Using the records below, copy exactly the part that opens with the line holding "Акумулятор A-Mega 6 CT-60-L Standard M360PM" and closes with the line holding "Old Flowers - Cotton Spandex - 250g - 1.45cm", minus the pictures.
(Given records)
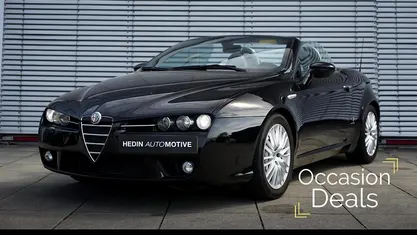 Zwart Gebruikt 2009 Alfa Romeo Spider Exclusive Cabriolet | € 19.445 (Eerlijke prijs)
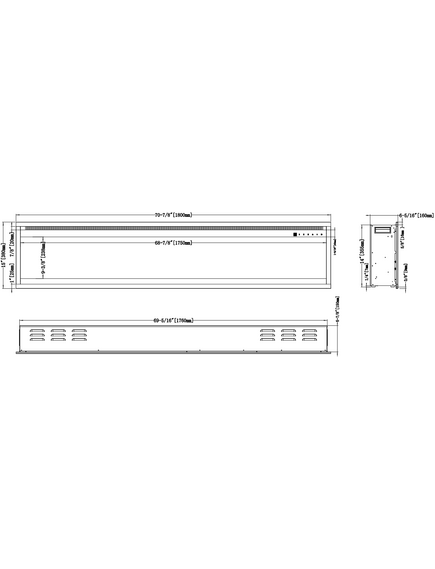 Электрокамин AFLAMO Royal PRO 180 настенный / встраиваемый, изображение 22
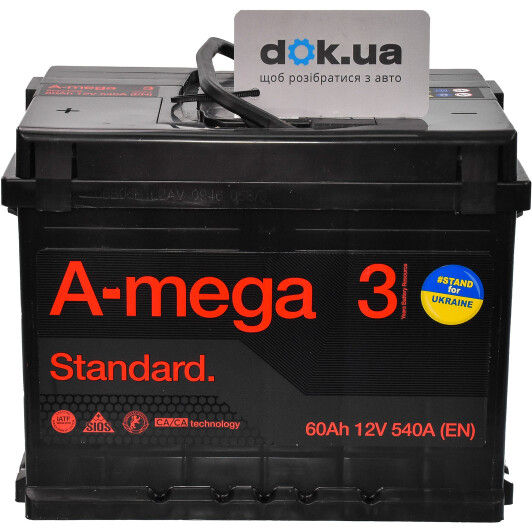 Акумулятор A-Mega 6 CT-60-L Standard M360PM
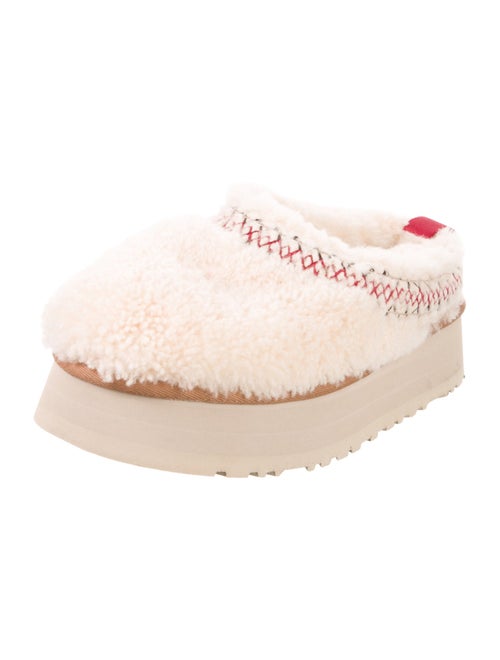 UGG Shearling Embroidered Accent Mules
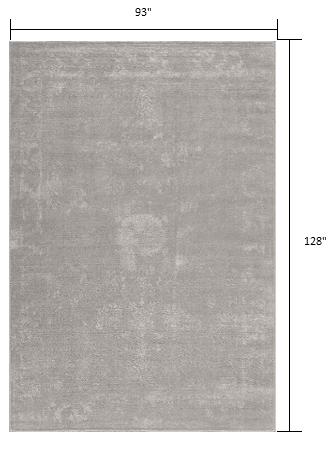 8' X 11' Modern Gray Distressed Area Rug - Homeroots - Flyclothing LLC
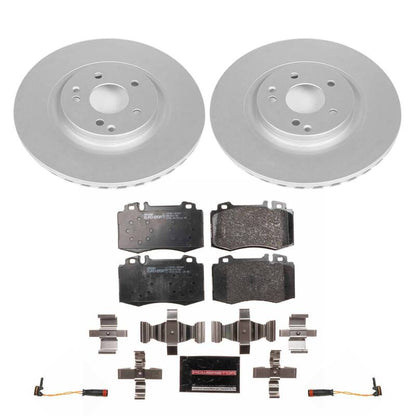 PowerStop Power Stop 2004 Mercedes-Benz C230 Front Euro-Stop Brake Kit ESK2950 ESK2950 Photo - Primary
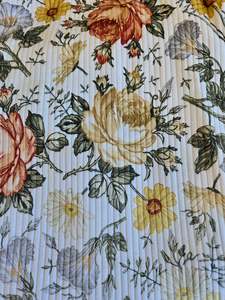 Old Flowers - Cotton Spandex - 250g - 1.45cm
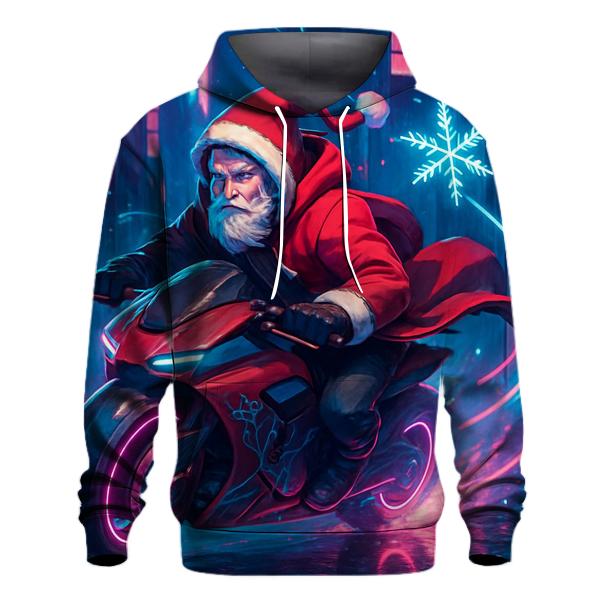 Neon Street Santa Rider custom hoodies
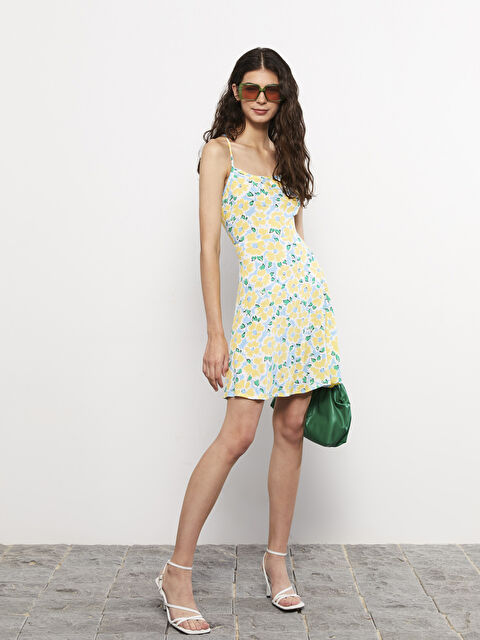 LCW Vision Женщины Жёлтый Платье - S2MM48Z8-LUG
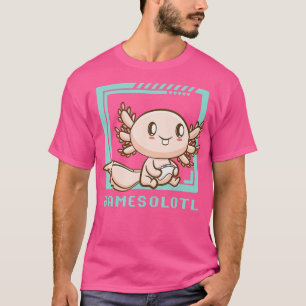 Gamesolotl  Axolotl Fish Playing Video Games Lizar T-Shirt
(End Given records)
> [Your response]:
 Акумулятор A-Mega 6 CT-60-L Standard M360PM
 UGG Shearling Embroidered Accent Mules
 8' X 11' Modern Gray Distressed Area Rug - Homeroots - Flyclothing LLC
 PowerStop Power Stop 2004 Mercedes-Benz C230 Front Euro-Stop Brake Kit ESK2950 ESK2950 Photo - Primary
 Old Flowers - Cotton Spandex - 250g - 1.45cm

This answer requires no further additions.